> _Goal of the exercise_
Would you transcribe exactly the lines from the beginning of the records below through the line with "fleur de cbd, fleur", both included, omitting the pictures?
── Material shown
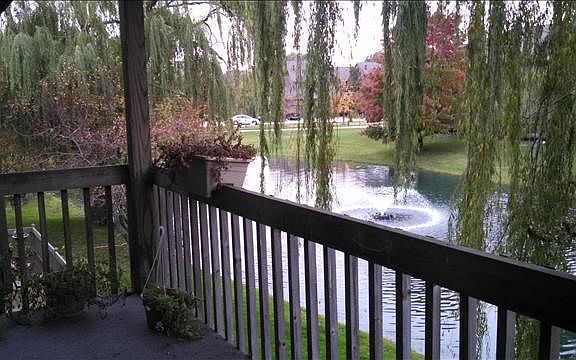 5th image of 9815 Hawthorne Glen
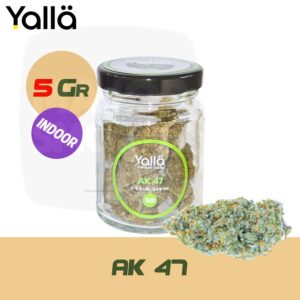 fleur de cbd, fleur cbd, cbd fleur, fleur de cbd yalla, fleur cbd ak47, fleur de cbd ak47, fleur cbd ak 47, fleur de cbd ak 47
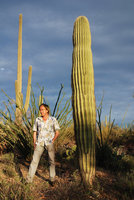 Patrick Blanc among Fouquieria splendens and old Carnegiea gigantea, Saguaro NP, Arizona, Feb. 2010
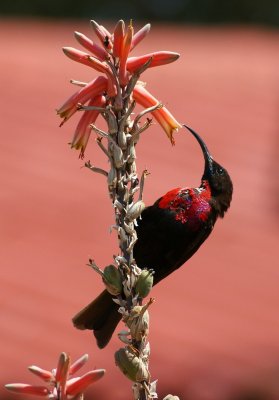 Tanzania sunbird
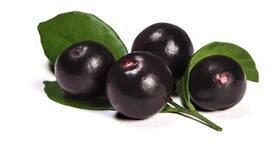 Can acai berries help you lose weight?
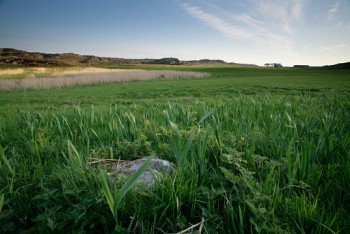 Corncrake habitat – Credit: Andy Hay – © RSPB images Corncrake habitat – Credit: Andy Hay – © RSPB images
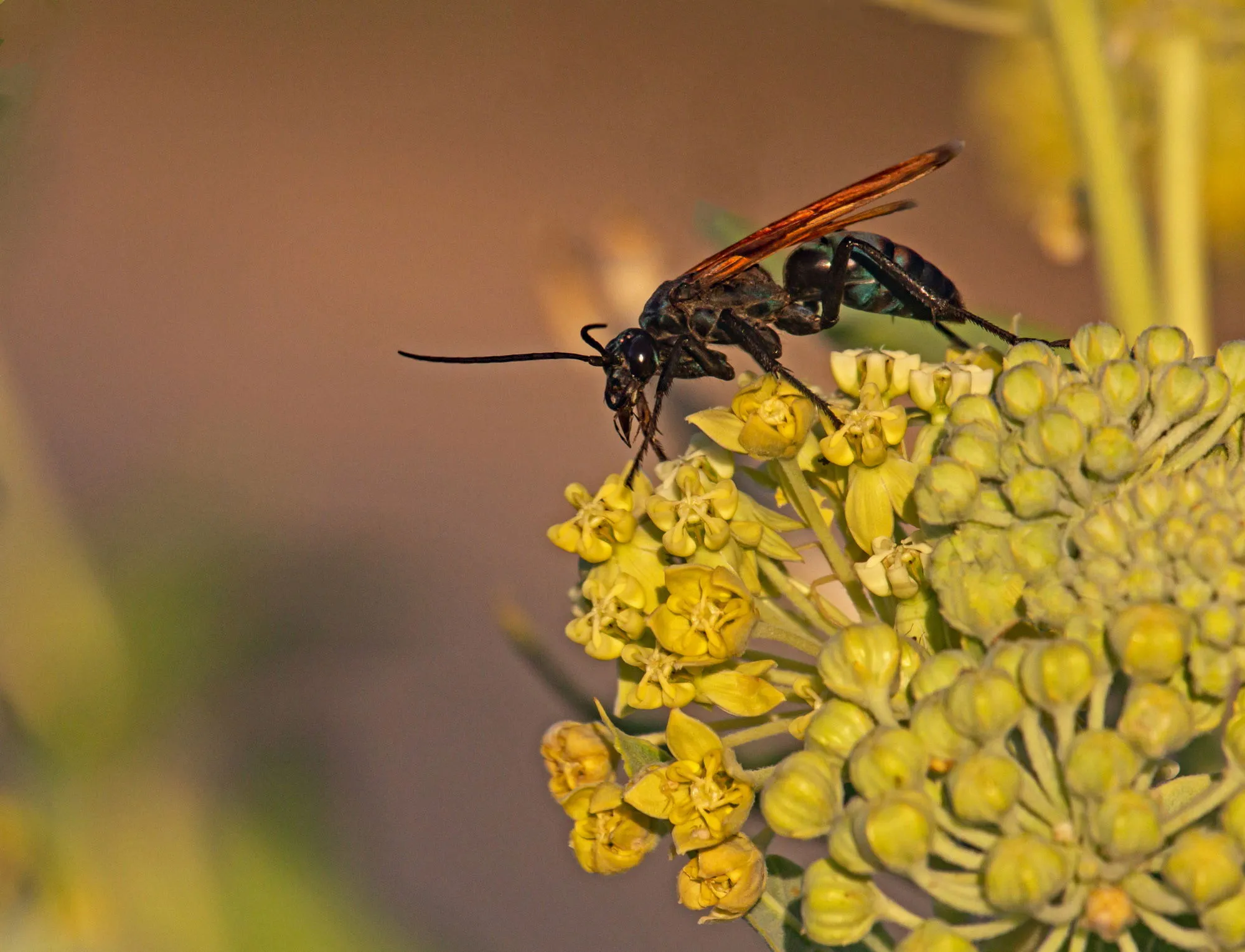 /img/19592-tarantula-hawk-venom.webp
────
> _Solution for this task_
 5th image of 9815 Hawthorne Glen
 fleur de cbd, fleur cbd, cbd fleur, fleur de cbd yalla, fleur cbd ak47, fleur de cbd ak47, fleur cbd ak 47, fleur de cbd ak 47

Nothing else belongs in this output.